Evaluation and Selection of Learning Materials

First, because of the evident reliance on verifiable and falsifiable scientific data, the selected reading materials should be from reputable peer-reviewed scholarly sources. The course books should also be checked for the credentials of the authors and publishers. The web materials, including podcasts and videos, are allowed for use during the course as long as the data presented in them are properly referenced and is consistent and up-to-date.

However, they can only be used as a supportive source of information and substituted with primary source whenever possible unless not related directly to the studies on neurological disorders or statistical data. Classroom activities should be assigned similarly: on the occasions where scientific credibility plays a direct role (e.g. determining the efficiency of a certain technique or intervention), the activities would likely be limited to discussion with the necessary level of verification of claims.

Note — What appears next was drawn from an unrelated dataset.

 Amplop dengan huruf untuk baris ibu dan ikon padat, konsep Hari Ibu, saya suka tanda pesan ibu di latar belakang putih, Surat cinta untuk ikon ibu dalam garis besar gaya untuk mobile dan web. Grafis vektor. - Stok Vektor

On the other hand, the goals aim at the largely under-researched area of patient care, so on some occasions less structured activities are acceptable, such as the brainstorming mentioned above coupled with appropriate data systematization and coding to eliminate irrelevant results (Mythili, Gandhi, Thirumoorthy, & Muralidharan, 2015). Finally, due to the highly systemic nature of involved knowledge the preferred classroom assessment techniques include minute papers and one-sentence summaries, with the occasional inclusion of more interaction-oriented methods such as student-generated tests to cross-evaluate the audience.

Conclusion

The goals set for the practicum project introduce visible limitations to the process of selection of instructional model and method, as well as the appropriate classroom activities and information sources. However, these limitations also introduce transparency and clarity to the process. The emphasis on systematic and verifiable data narrows the focus and eliminates unnecessary options. For this reason, the chosen model and method align well with the goals, objectives, and topics of our project and create a clear set of requirements for appropriate classroom activities.

References

Almomen, R. K., Kaufman, D., Alotaibi, H., Al-Rowais, N. A., Albeik, M., & Albattal, S. M. (2016). Applying the ADDIE—analysis, design, development, implementation and evaluation—instructional design model to continuing professional development for primary care physicians in Saudi Arabia. International Journal of Clinical Medicine, 7(8), 538-549.

Davis, A. L. (2013). Using instructional design principles to develop effective information literacy instruction The ADDIE model. College & Research Libraries News, 74(4), 205-207.

Edmonds, G. S., Branch, R. C., & Mukherjee, P. (1994). A conceptual framework for comparing instructional design models. Educational Technology Research and Development, 42(4), 55-72.

Jean-Pierre, P., Johnson-Greene, D., & Burish, T. G. (2014). Neuropsychological care and rehabilitation of cancer patients with chemobrain: strategies for evaluation and intervention development. Supportive Care in Cancer, 22(8), 2251-2260.

Jurkowski, S., & Hänze, M. (2015). How to increase the benefits of cooperation: Effects of training in transactive communication on cooperative learning. British Journal of Educational Psychology, 85(3), 357-371.

Mythili, D., Gandhi, S., Thirumoorthy, A., & Muralidharan, K. (2015). Short-term impact of traditional versus innovative teaching strategies on mental health knowledge among undergraduate nursing students in India-a pilot study. Asian Journal of Nursing Education and Research, 5(1), 8-21.